Help Needed! Getting a user-friendly tool (or system) to prepare large data sets for analysis...

I have a 5-20K USD budget to get a tool (w/wo dedicated hardware), including training for 2 people, to prepare (clean, merge, etc...) and summarize (samples, grouping/aggregations, etc) large data sets (over 5GBs, over 4 million rows).

I need an efficient solution (fast data processing and fast to learn), and definitely easy to use. I would have done it with excel if excel could handle such large data files.

After preparing and summarizing the data, I'll use excel pivot tables for the analysis. I have no programming experience. The datasets are usually in csv or txt formats.

Any advice?

Views: 1918

Comment

You need to be a member of AnalyticBridge to add comments!

Join AnalyticBridge

Comment by Siva Karthikeyan on February 23, 2014 at 5:53pm

SAP Lumira Desktop Edition can be also of good help.

Comment by Ahmed on December 24, 2013 at 6:56pm

@ aliyu Dauda and Thomas J Bate:

I spent the last 50 days exploring excel PowerPivot, PowerQuery, Visokio Omniscope, Amazon EC2 Virtual Machines, etc..

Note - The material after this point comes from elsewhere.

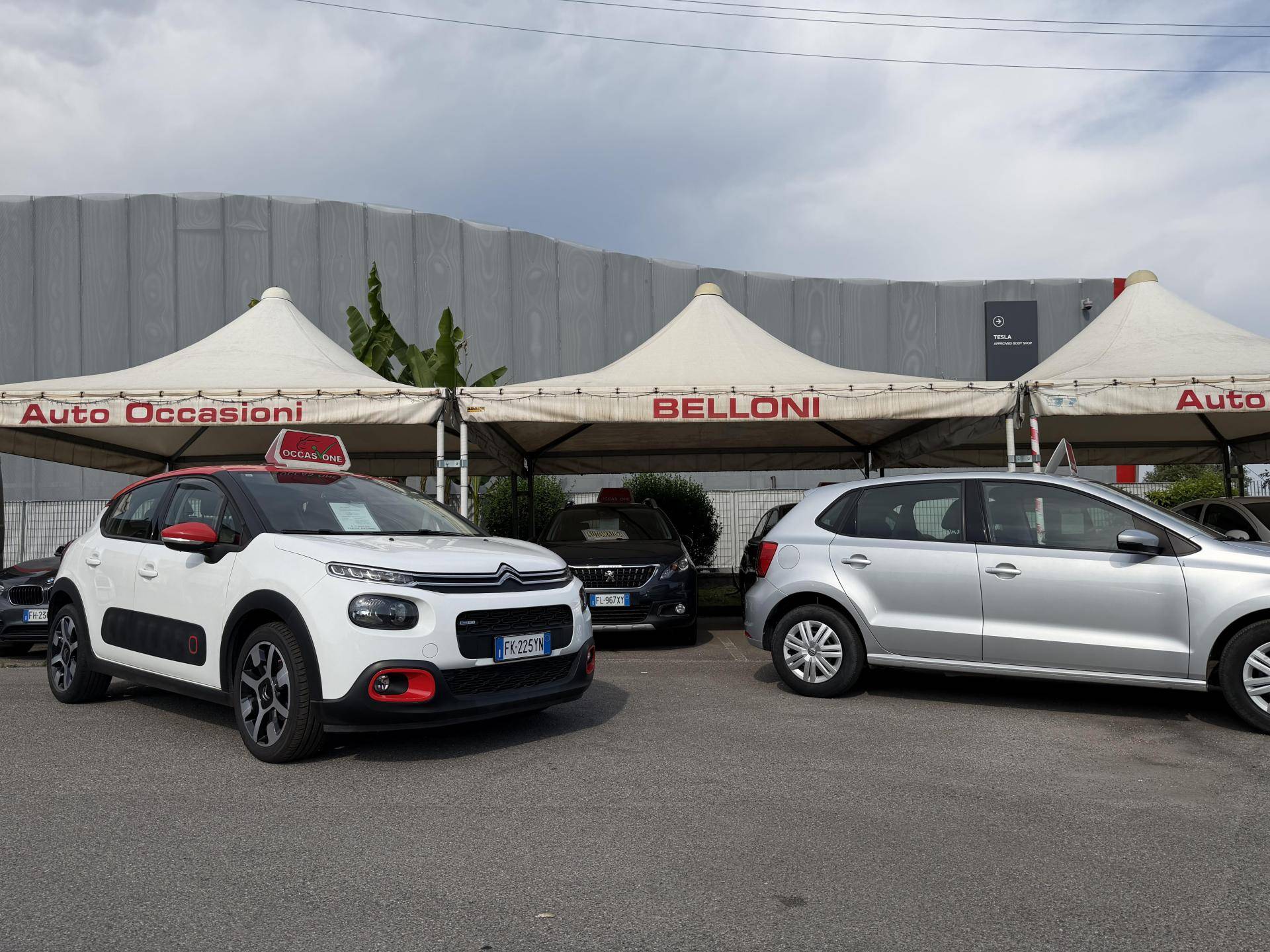 BELLONI AUTO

PowerPivot and PowerQuery are must-have tools, I never thought I could fit 66 Million rows in an Excel Pivot Table! PowerQuery and PowerPivot add-ins come with Office 365 ProPlus, which will cost you only $12 a month (after a free one month trial), you can download them for free on Office 2010 but with limited functionality. They are very easy to use, but I struggled at the end with PowerQuery trying to sort my data, it took endless time! So I had to try another other solution (Omniscope).

Omniscope is exactly what I needed, a very powerful data management tool with great functionality and like Thomas said, same level of ease of use and accessibility as Excel. I tried it on my 4GB RAM laptop and it worked great for all files under 500MBs. For bigger files, I had to rent a powerful virtual machine from Amazon. The tool will consume all the available memory that you have; I rented a 244 GB RAM machine running on Windows Server 2012, and the tool consumed more than 95% of the available memory, even though the file I loaded was only 800MBs, but the tool is very efficient.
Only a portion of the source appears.